Sunday, December 30, 2018

Tabletop RPGs offer living, infinite worlds


I enjoy computer RPGs (CRPGs) like Skyrim, but one can't escape their finite maps or even just pick up a grain of sand. Tabletop RPGs (TTRPGs) lack those limits.

TTRPGs don't just offer a 'higher level' of world detail than CRPGs. They offer practically *infinite* world detail. I teleport past the 'impassable' mountains, exploring the great continent beyond. I reach an ocean; I build a boat and sail to new lands. I circle the globe, and look to the stars. I travel to entire new planets, exploring them each in detail. I pick up three grains of sand. What do they look like? What minerals are they made out of? What are their histories? I shrink down, and explore their surfaces as if they were entire alien worlds. I shrink down further, and break off individual molecules with my hands. There is no limit on the breadth or level of detail to which a TTRPG can go. This is absolutely extraordinary, and IMO it doesn't get enough attention.

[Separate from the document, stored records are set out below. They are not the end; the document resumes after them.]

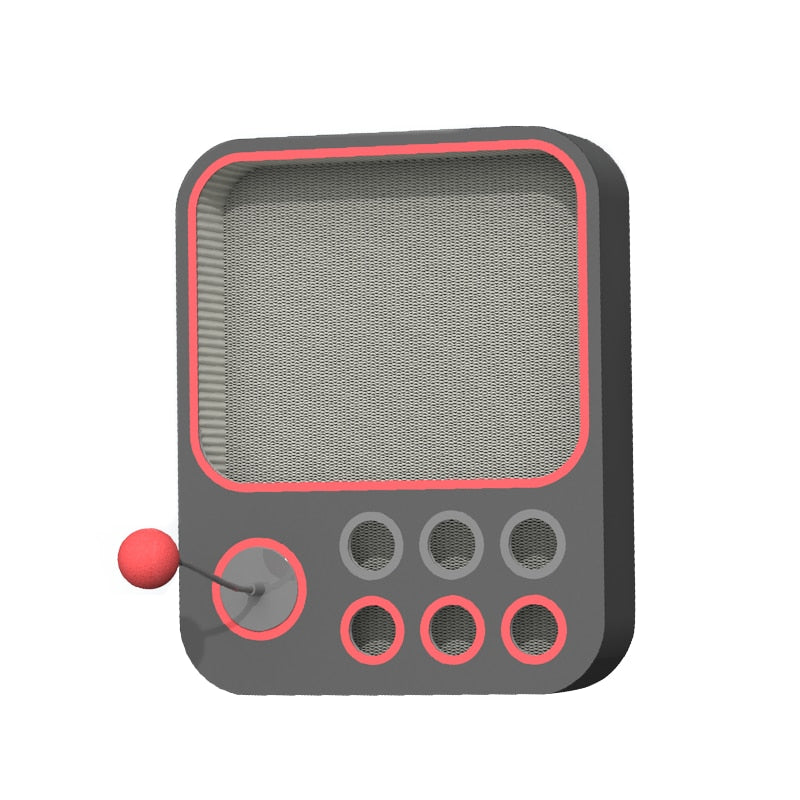 Kat Bal Spel en Krabplank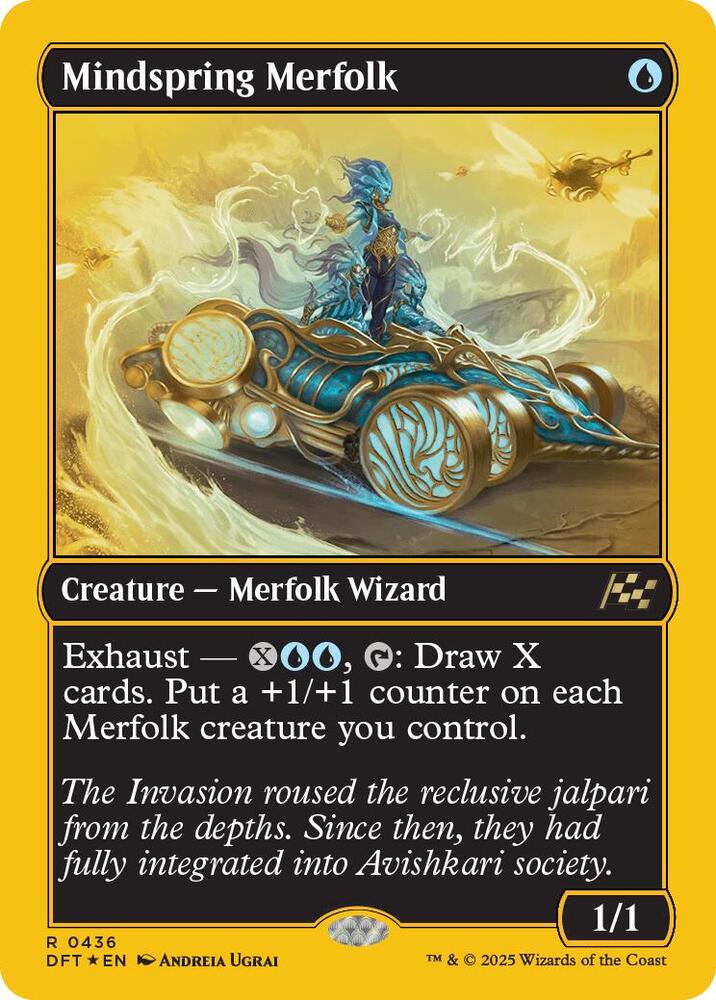 Mindspring Merfolk (First-Place Foil) [Aetherdrift] 436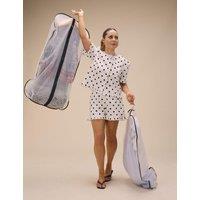 Nobody's Child X Louise Thompson Linen Rich Polka Dot Frill Detail Top Cream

CRPGs also lack mechanics for an almost infinite number of things which can easily be attempted within a TTRPG. In most CRPGs, you can’t chop down a door even if you’re carrying an axe. In a TTRPG, you can easily attempt that – whether there’s a written rule for it or not. You can also tell the GM you're measuring that door to find out its exact height and width. You can ask what kind of wood it's made out of, and examine the grain on its planks to try and figure out what year the tree was cut down. You could try to drill a peephole through it with a dagger, and on and on. Because in a TTRPG *that door is a real door with all of the characteristics of a real door*. You are in a real world, where things behave like real things. It is going to be a long time until CRPGs get anywhere near that level of immersion. If ever.

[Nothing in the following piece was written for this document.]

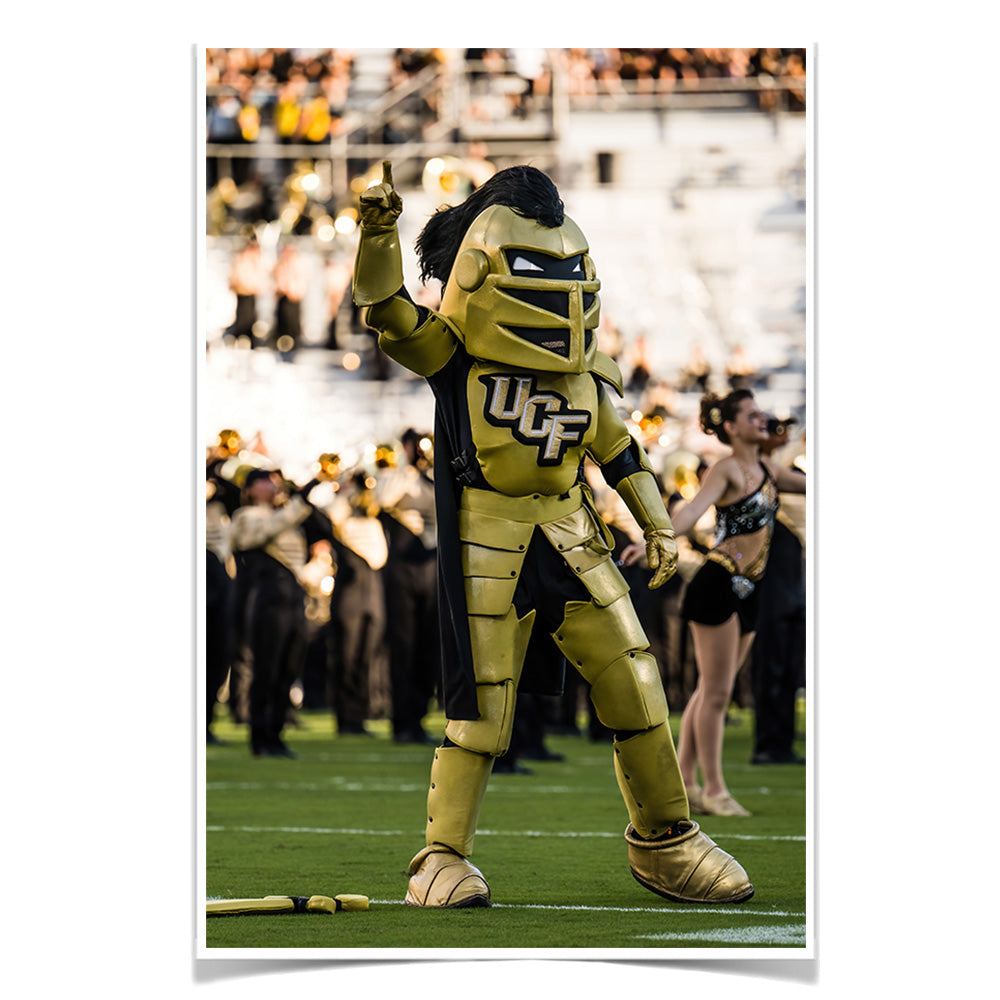 UCF Knights - Knightro Cheer - College Wall Art #Canvas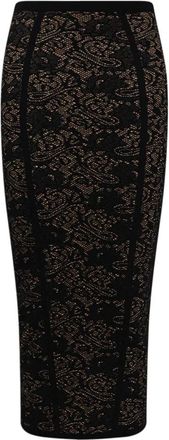 Elisabetta Franchi Mujer, Faldas, Negro, Talla: L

This is not an attack on CRPGs. Like I said, I enjoy them *and* I enjoy TTRPGs. I’m bringing up some of the limitations of CRPGs in order to highlight the unique, practical strengths of TTRPGs.

TTRPG GMs need to understand, and own, these astonishing capabilities. I’ve used the example of picking up, examining, and sorting three grains of sand - which would be incredibly irritating if my players actually did it. The point is that they *could*, and dealing with that is part of the GM's job. Which is how this post ties into, and is a continuation of, my previous post about what a GM is.

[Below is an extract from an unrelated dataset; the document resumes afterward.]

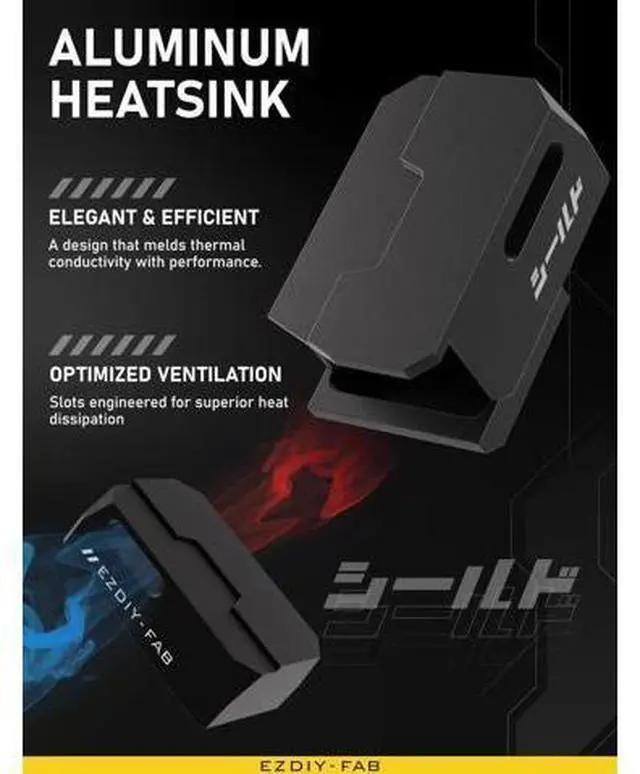 Alt view image 3 of 6 - 1 Pack Black Shield Series Aluminum 180° U-Turn 8-Pin PCIe GPU Angled Power Adapter for Standard Graphics Cards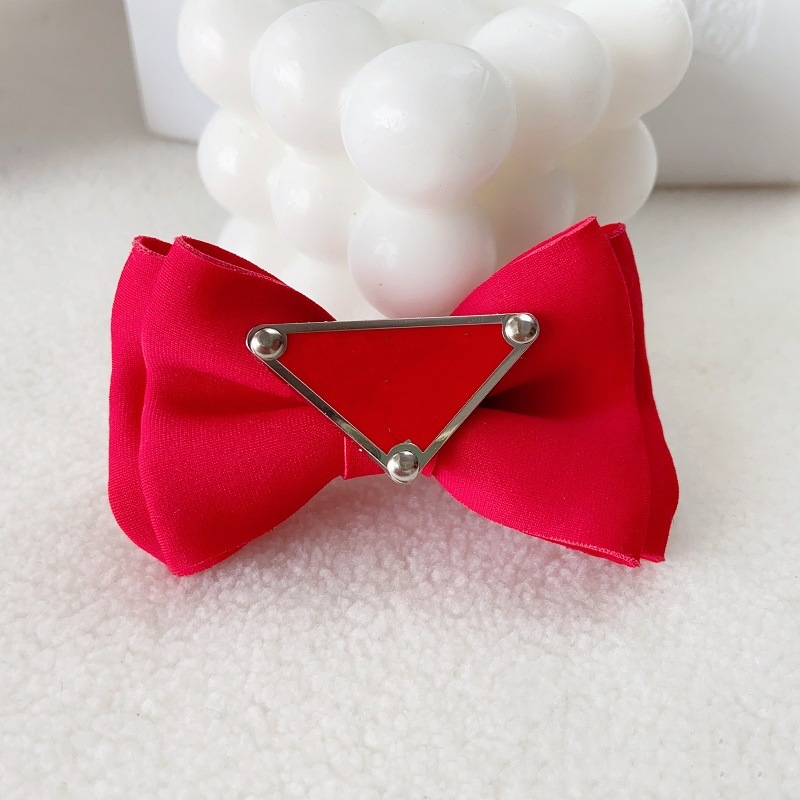 free shipping Designer Triangle with Cute Handmade Pet Bows Girl Clips, Puppy Yorkie Hair Grooming Bowknot Alligator Clips for Dog Accessories A704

A GM who's just running a cookie cutter out of the box adventure, and not breathing life into it by treating every pebble and blade of grass whose existence is implied (but not specifically described) within it as an equally real detail, and limiting their players’ actions to things which are specifically covered by the written rules,  is failing to take advantage of the major things which make TTRPGs uniquely awesome in the first place.